PROVIDED MATERIAL:
^^^^^^^^

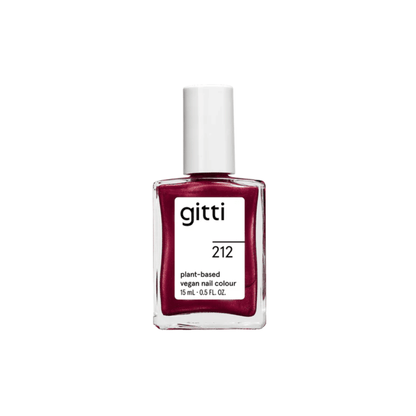 Primary Image of no.212 Cranberry Glitter Nail Polish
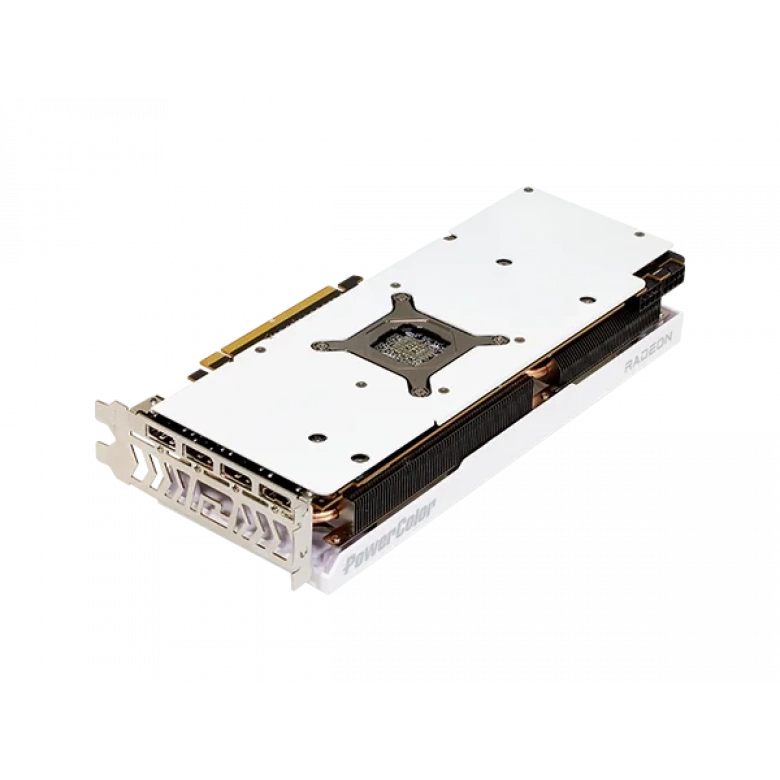 POWERCOLOR RX7700XT 12G-P/WHITE GDDR6 192BIT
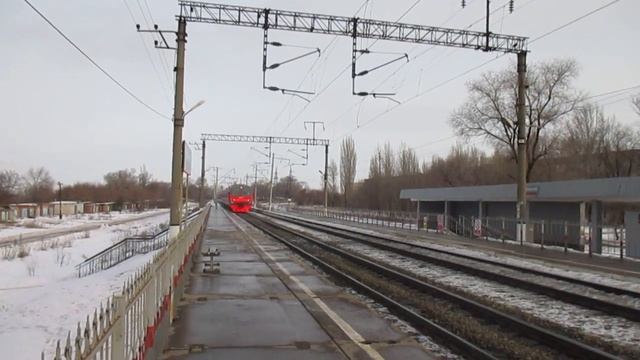 "краской пахнет..." ЭД9М-1052/1053 (05.02.2016г._14ч.44мин.) смотреть онлайн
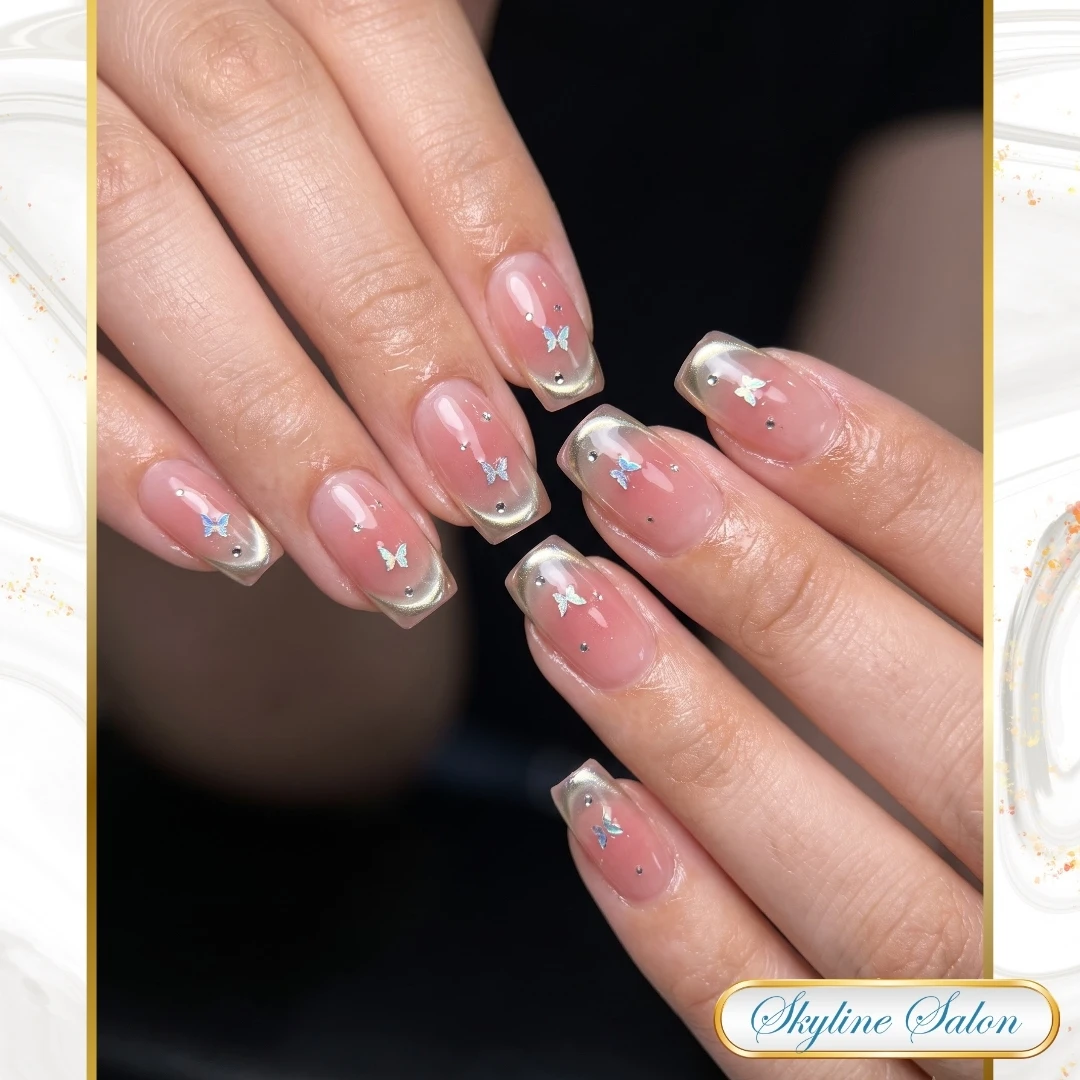 SKYLINE HAIR, NAILS, FACIAL, WAX SALON - NAIL SALON IN ALEXANDRIA VA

^^^^^^^^

TASK: Write every line of the data out again exactly, leaving out all images.

SOLUTION TO THIS EXERCISE:
 Primary Image of no.212 Cranberry Glitter Nail Polish
 POWERCOLOR RX7700XT 12G-P/WHITE GDDR6 192BIT
 "краской пахнет..." ЭД9М-1052/1053 (05.02.2016г._14ч.44мин.) смотреть онлайн
 SKYLINE HAIR, NAILS, FACIAL, WAX SALON - NAIL SALON IN ALEXANDRIA VA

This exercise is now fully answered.